Assignment:
From the line that contains "Morgonro över Fuji Kökshandduk (Vertikal)" down to the last line of the data below, restate every line word for word, skipping any images.

Task data:
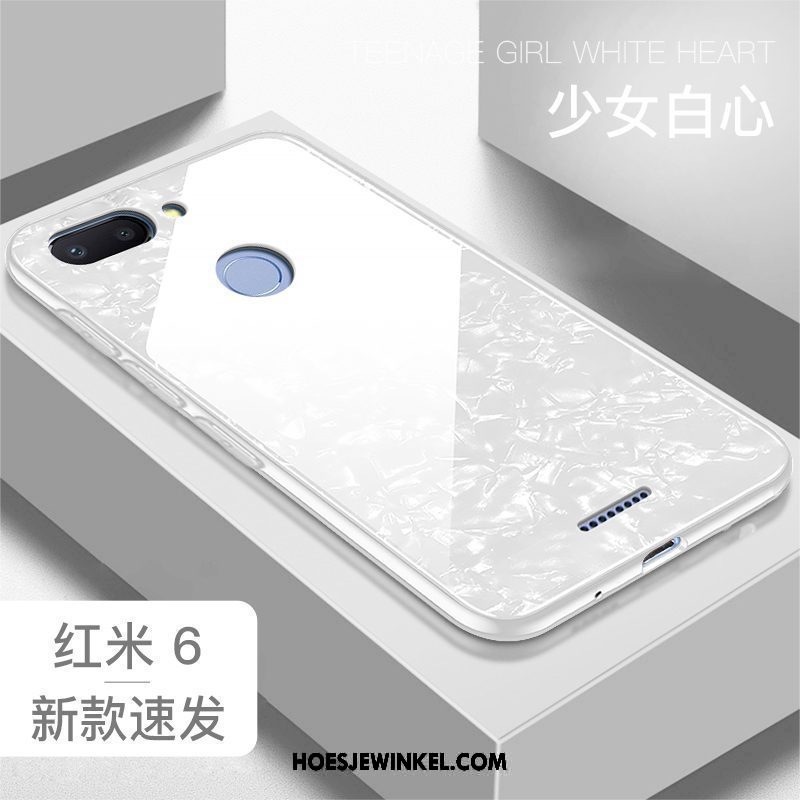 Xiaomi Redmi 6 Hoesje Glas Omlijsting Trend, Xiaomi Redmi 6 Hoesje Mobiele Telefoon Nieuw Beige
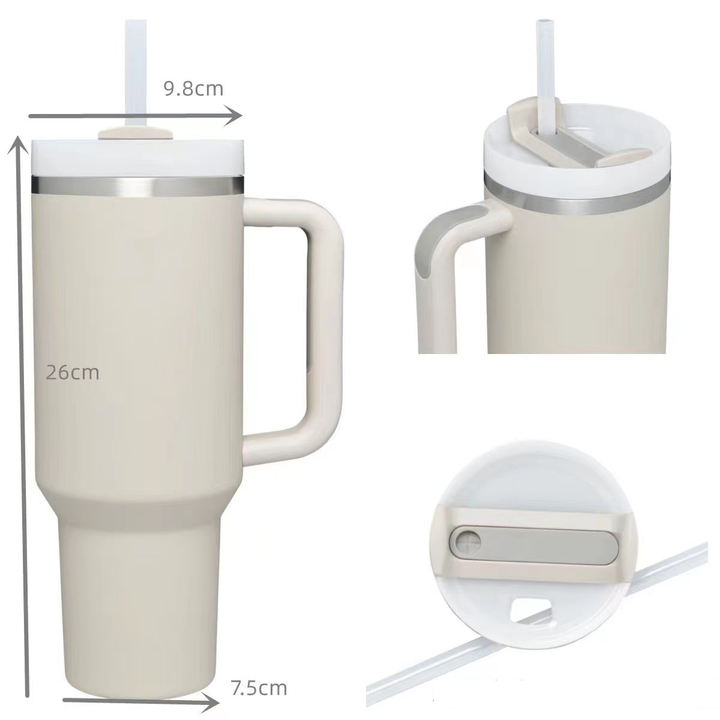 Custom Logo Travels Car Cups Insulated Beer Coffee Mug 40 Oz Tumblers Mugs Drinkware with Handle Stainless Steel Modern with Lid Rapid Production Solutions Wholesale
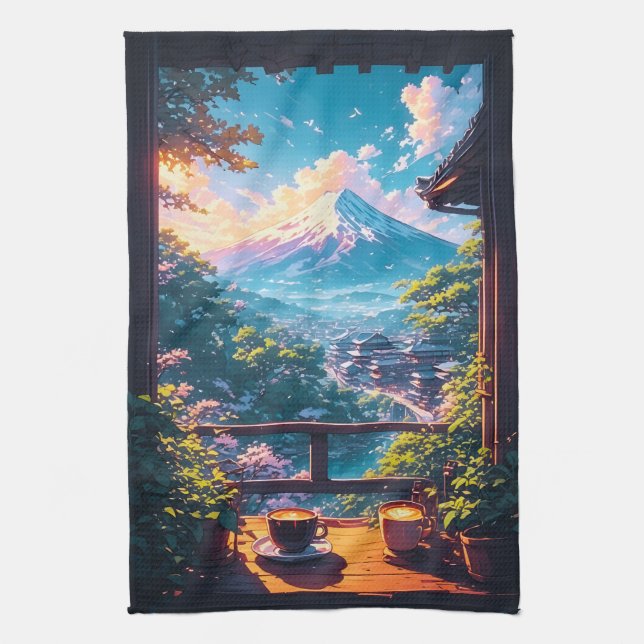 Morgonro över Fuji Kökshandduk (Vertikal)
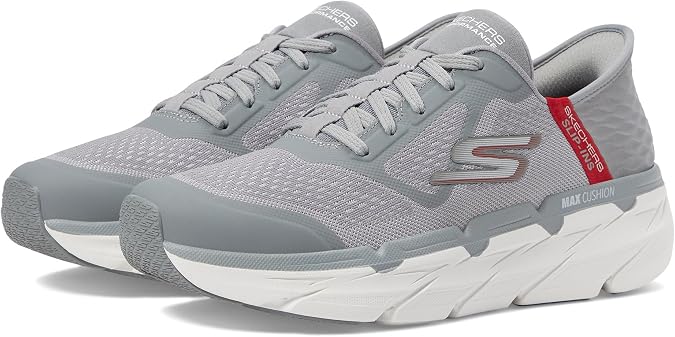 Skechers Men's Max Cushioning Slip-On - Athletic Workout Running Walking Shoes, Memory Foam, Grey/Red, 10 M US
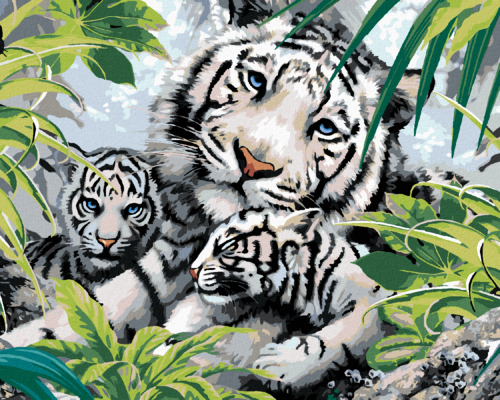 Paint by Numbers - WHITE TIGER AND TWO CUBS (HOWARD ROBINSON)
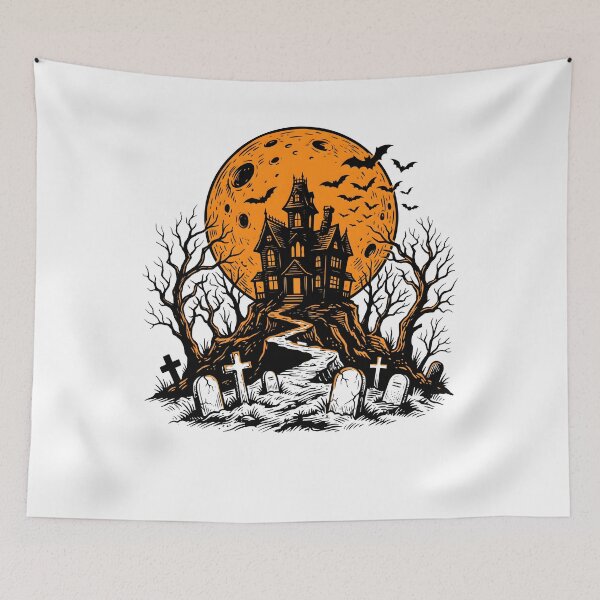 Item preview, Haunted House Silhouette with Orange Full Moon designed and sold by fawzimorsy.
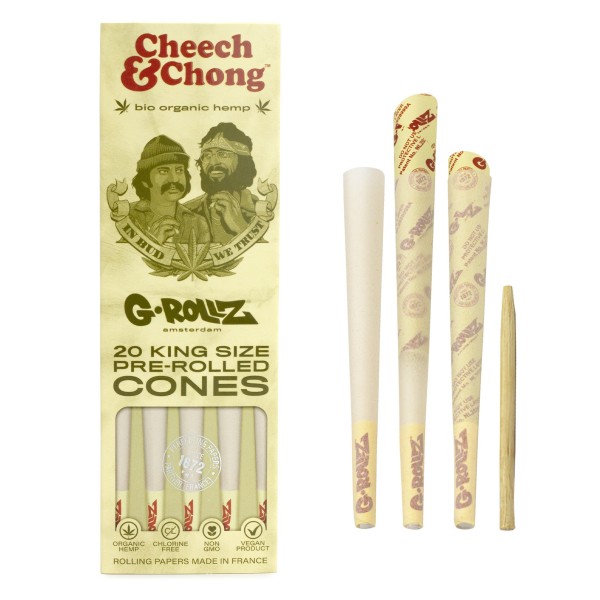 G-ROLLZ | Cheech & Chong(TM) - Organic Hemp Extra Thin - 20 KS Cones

Solved exercise:
 Morgonro över Fuji Kökshandduk (Vertikal)
 Skechers Men's Max Cushioning Slip-On - Athletic Workout Running Walking Shoes, Memory Foam, Grey/Red, 10 M US
 Paint by Numbers - WHITE TIGER AND TWO CUBS (HOWARD ROBINSON)
 Item preview, Haunted House Silhouette with Orange Full Moon designed and sold by fawzimorsy.
 G-ROLLZ | Cheech & Chong(TM) - Organic Hemp Extra Thin - 20 KS Cones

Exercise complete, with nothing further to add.